Антон появился на свет немного раньше срока, маленьким и слабеньким. «Игорь, у нас теперь есть сын, родной сын!» — сказала Оля, когда через месяц их выписали из больницы. И тут же выдала: «Давай отдадим Настю в детдом!» «Оля, ты что, это шутка?» — опешил Игорь. «Какие шутки, Настя нам не родная, я готова ее отдать!» — выдохнула она. Она давно об этом думала. «Мне надоели эти сплетни!» «Нужно просто сказать людям правду, что она приемная, и все утихнет». «Но ты же не хочешь!? У меня теперь есть сынок, а Настя… Если не хочешь в детдом, воспитывай ее сам!»
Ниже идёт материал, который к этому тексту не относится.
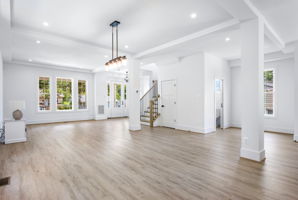 19-Dining Room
Настя с первых дней полюбила братика. Она старалась помочь маме, первой подбегала к кроватке, когда Антоша плакал. «Не трогай его!» — кричала Оля. «Почему, мамочка, я хотела его успокоить». «Маленькая еще, навредишь ему, не подходи!» Все ее внимание теперь принадлежало сыну, а неродная дочка будто перестала существовать.

Когда Антону было пять месяцев, Оля узнала, что снова беременна. «Игорь, у нас будет второй ребенок!» — обрадовалась она. «Третий, Оленька, третий», — поправил он. «Для тебя — третий, а для меня — второй!» Осенью, когда Настя пошла в третий класс, родился второй братик — Тарас. Оля погрузилась в заботы о погодках, души в них не чаяла, а Настя оставалась не у дел. Девочка изо всех сил старалась помочь, жаждала маминого внимания и ласки. Но Оля выматывалась с сыновьями, не высыпалась и срывала злость на Насте, придираясь к мелочам. Она понимала, что несправедлива, но ничего не могла с собой поделать. Приемная дочь стала для нее обузой…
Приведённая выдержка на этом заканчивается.